Re: comments on latest MIME drafts

Ned Freed <NED(_at_)SIGURD(_dot_)INNOSOFT(_dot_)COM> writes:

Then suggest alternative prose. We're years past the point where such
generalities are acceptable input.

We appear to have different paradigms, so we have to discuss
generalities in order to discover prose that is commonly acceptable.

I sort of agree with you about non-content headers actually being allowed in
body parts. They are allowed syntactically but they have no sematics
associated with them.

There exists at least one MIME UA which puts "X-" headers in the
body-parts of multiparts in order to communicate with other instances
of itself.


So what? The only semantics that matter here are those of MIME. It is of course 
permissible for people to add their own headers with private semantics.

Let me clarify my paradigm and suggest why it might be better than
yours.

In order for a data format to exist in the real world, it has to have
a syntax.  Data format specifications, such as MIME, usually specify
abstractions and give their semantics.  The semantics are then tied to
identifiable objects in the syntax.

Having the semantics be associated with identifiable syntactic objects
simplifies the task of generating and reading the data format.
Composers generate the syntactic constructs corresponding to the
semantics they want to convey.  Readers discover semantics by first
doing a parse to discover the syntax, then applying the association of
semantics to particular syntactic objects.


I disagree 100% with all of this. People do not discover sematics by
implementing parsers.
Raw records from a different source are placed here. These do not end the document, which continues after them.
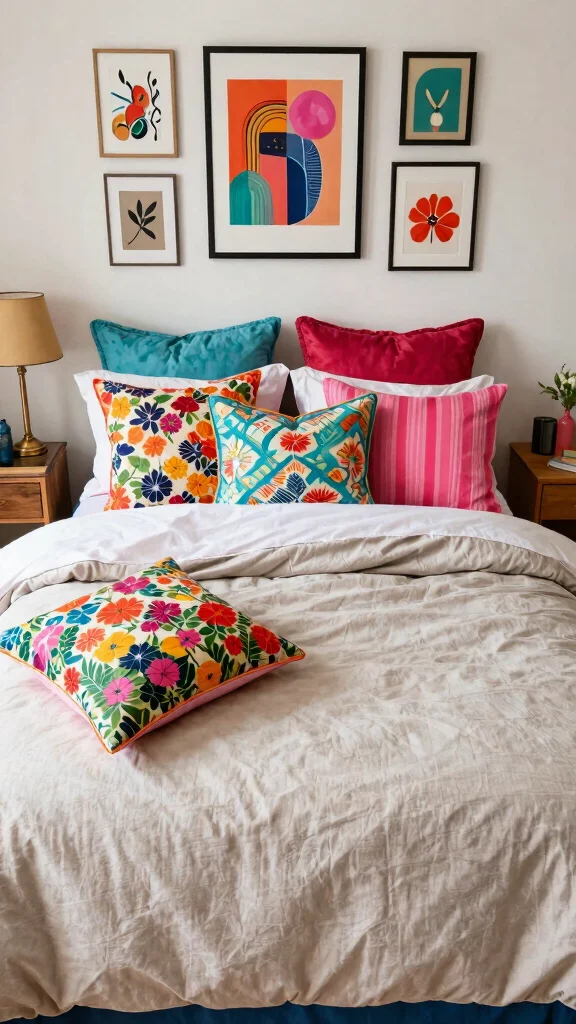 10 Twin Bed Pillow Arrangement Ideas for a Neat and Stylish Bedroom - 9. Eclectic Mix 1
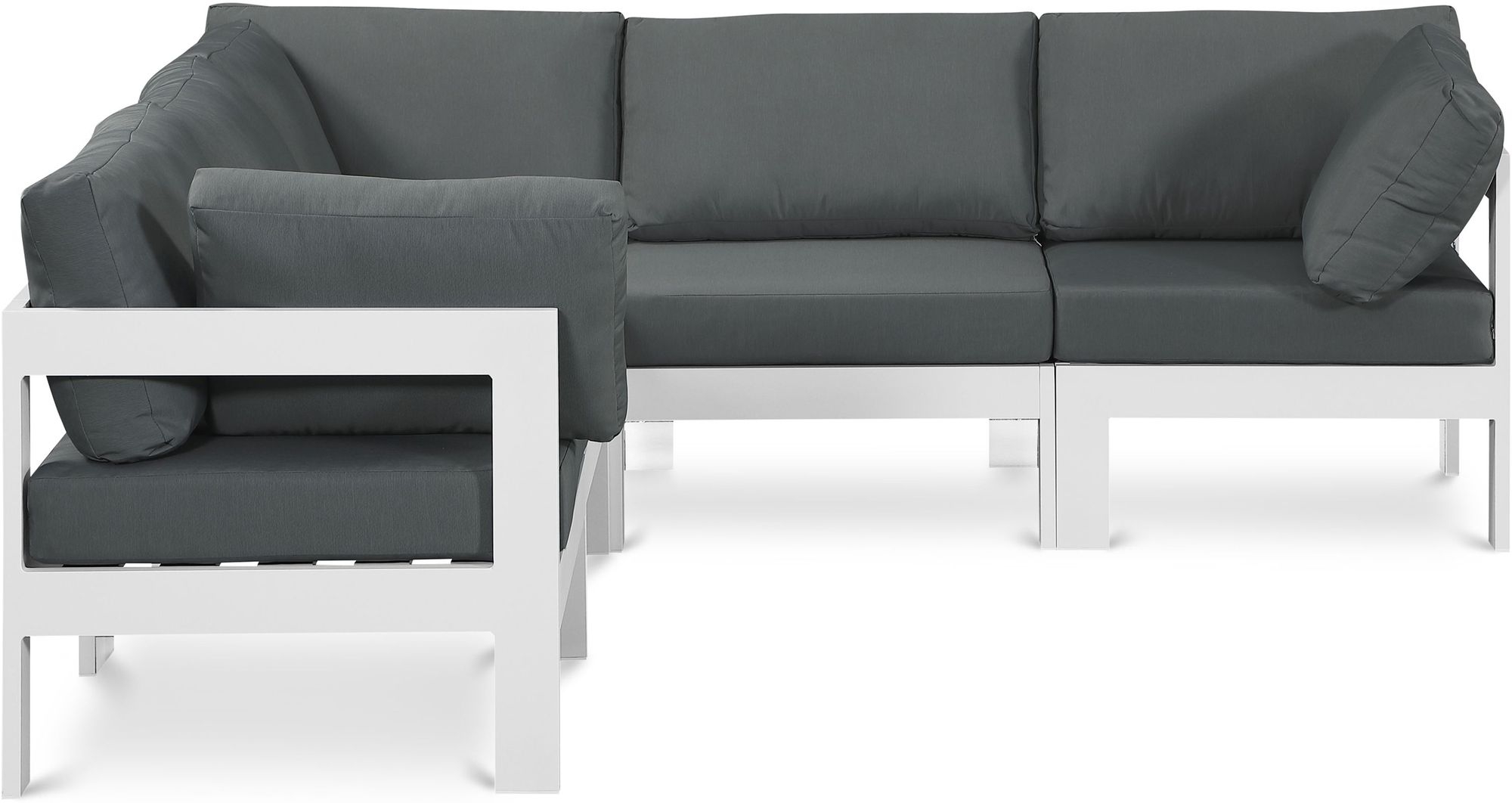 Nizuc 90" 5-Piece Outdoor Patio Waterproof Fabric Modular Sectional with Aluminum Frame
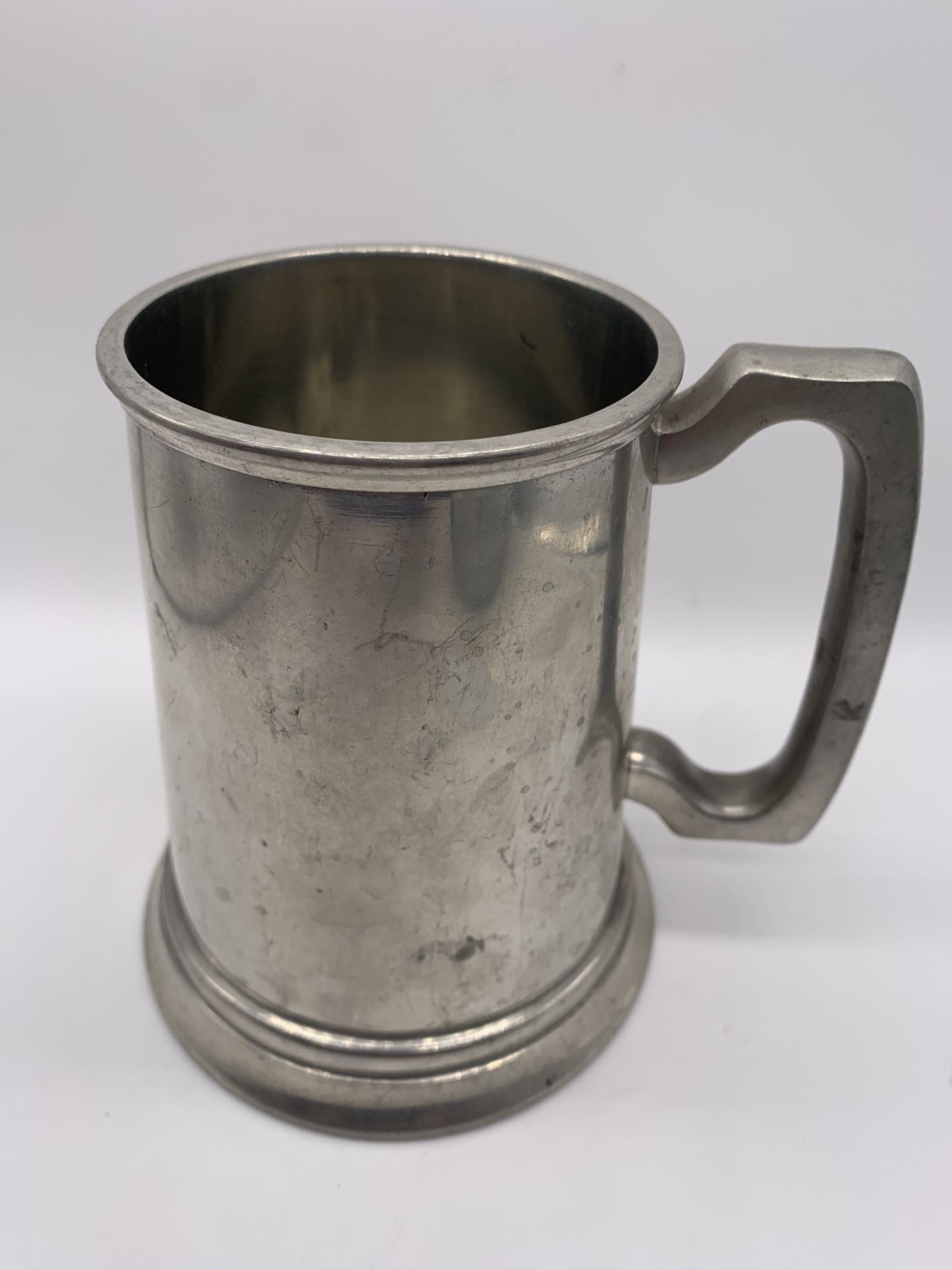 Vintage Pewter and Glass Button Mug. Made In England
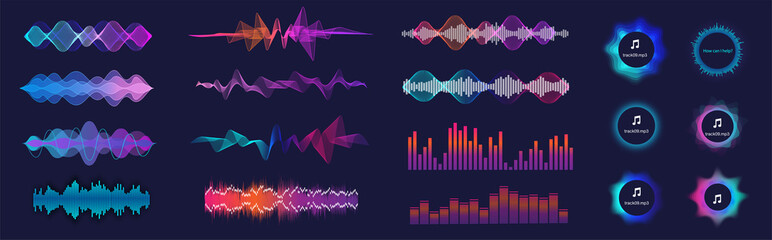 Aufkleber - Sound waves equalizer collection in futuristic colors. Frequency audio waveform, music wave, circle bar, voice graph signal in HUD style. Set Audio waves.  Microphone voice and sound recognition.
They discover them by reading specifications. We have a
serious problem if people have to implement parsers before they can understand
MIME. The set of people who need to understand MIME semantics is far larger
than the set who worry about specifics of syntax, let alone go so far as to
implement parsers.

When semantics are not associated with syntactic objects, or when the
syntactic objects associated with given semanitics are not clearly
identifiable, then having a reader discover those semantics is
problematic.


Well, sort of. It certainly helps for semantics to be bound to various syntax
elements, as they are in MIME. But it certainly isn't necessary for semantics
to exist, nor is it necessary for different semantic constructs to bind unique
syntactic elements. In fact it can be quite the opposite -- dates appear in all
sorts of places in header fields, but I don't hear anyone suggesting that the
semantics of date need to be represented differently in all of these fields or
that dates are not important entities semantically.

And there is quite clearly a HUGE
difference in the abstract between a body part and a message.
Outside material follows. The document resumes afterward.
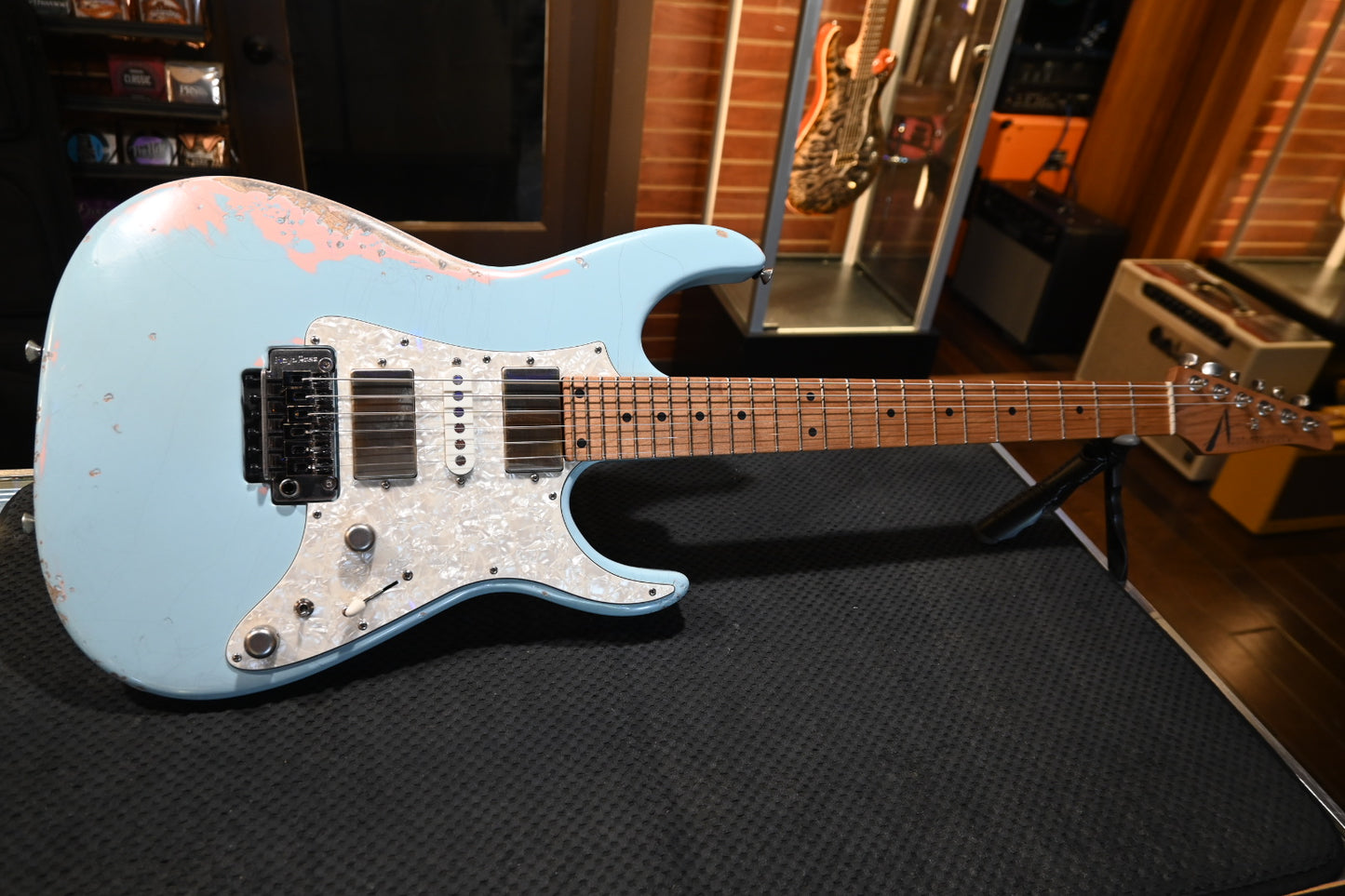 Tom Anderson Guardian Angel Player - Sonic Blue over Shell Pink Guitar #826A
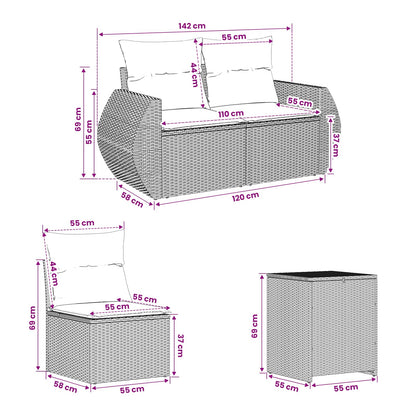 Set di divani 5 pz Marrone e Rosso Rattan sintetico e Acciaio | homemem39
In the abstract, they each have some features in common and some
features which differ.


Right. They are different.

The semantics they have in common (header/body syntax, content-
headers) I am trying to associate with the syntactic object known as
an "entity".


And I think this is a very bad idea. Entities are more general than this.
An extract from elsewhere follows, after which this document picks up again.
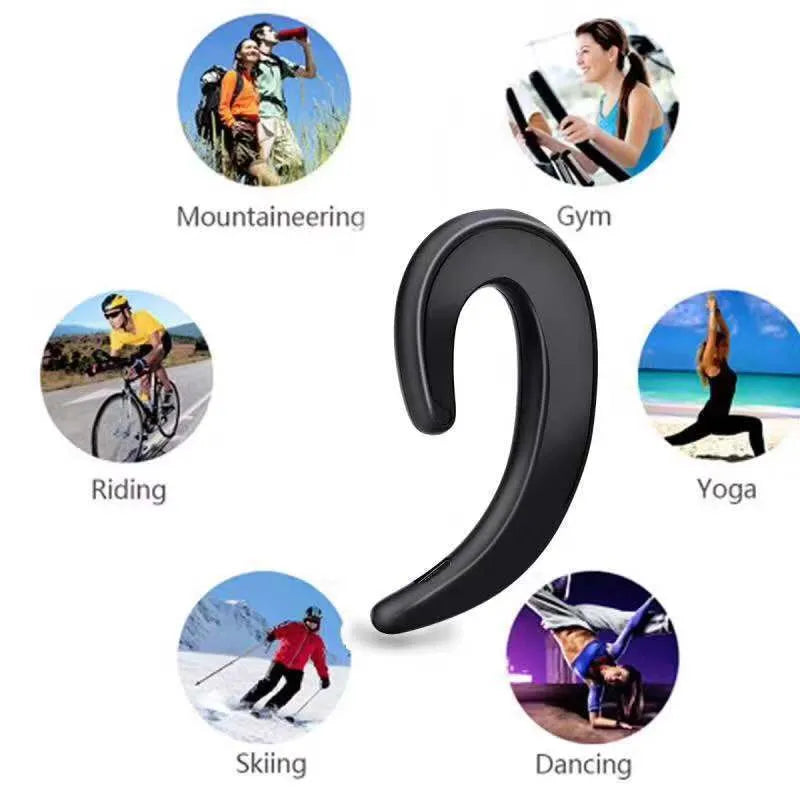 Wireless Bluetooth earphones with ear-hook design in black, red, silver, white or gold colour options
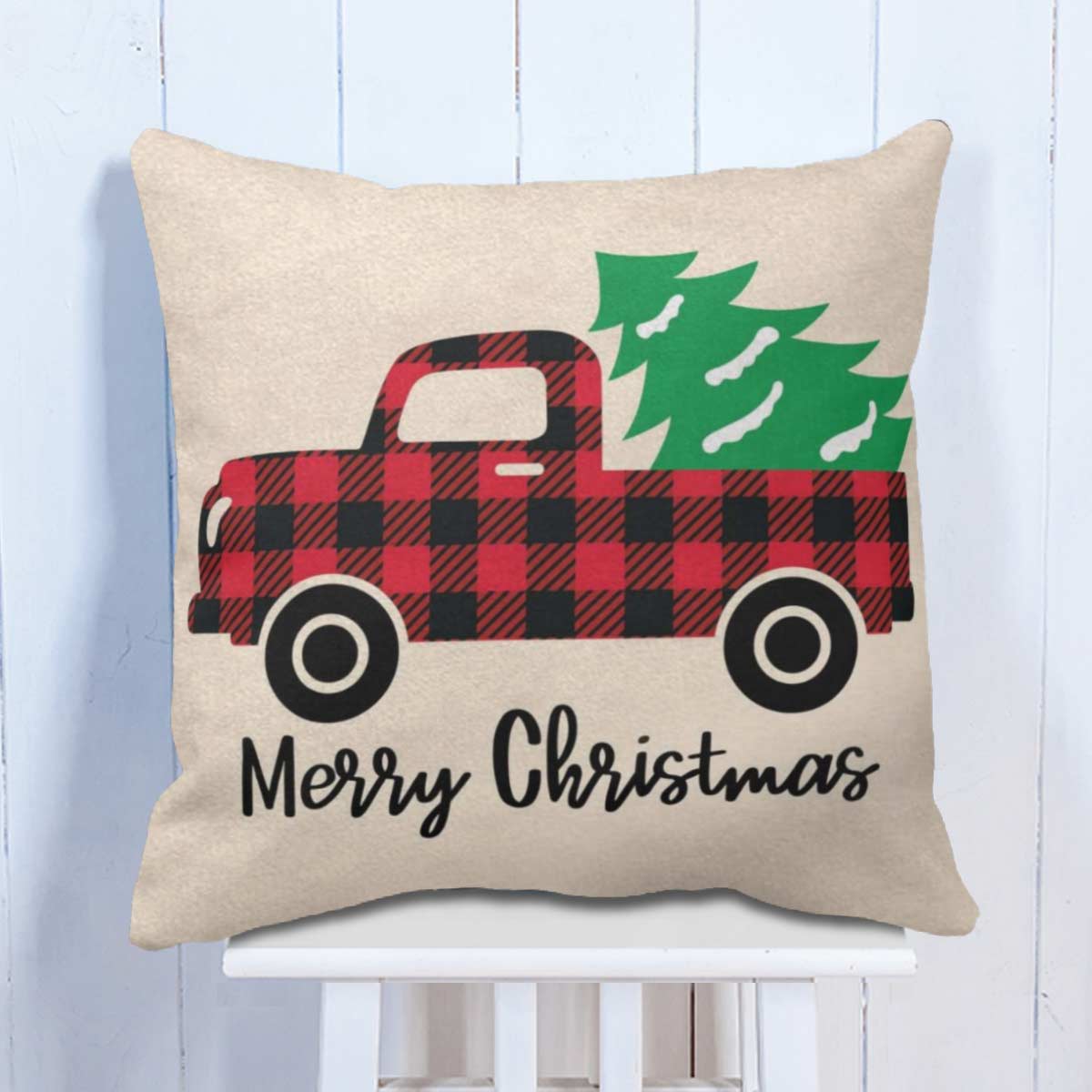 Chiristmas car velvet cushion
The semantics specific to a message (MIME-Version, destination and
other 822-defined fields) I am trying to associate with the syntactic
object known as a "message", which is a subset of an "entity".


Fine with me.

The semantics specific to a body part (contained in a multipart, does
not require MIME-Version, may not contain enclosing multipart's
delimiter) I am trying to associate with the syntactic object known as
a "body-part", which is a disjoint subset of an "entity".


And this flies in the face of common usage, common understanding, and common
sense. It makes MIME much harder to understand, and I am not willing to do it.
This is an absolute showstopper for me.

The fact that they have nearly identical syntax does not mean that
they are in fact the same -- they aren't. As such, trying to tie
these things down using syntax as a distinguishing factor clouds the
issues rather than clarifying anything.

They have some syntax (and associated semantics) in common, and they
have some syntax (and associated semantics) by themselves.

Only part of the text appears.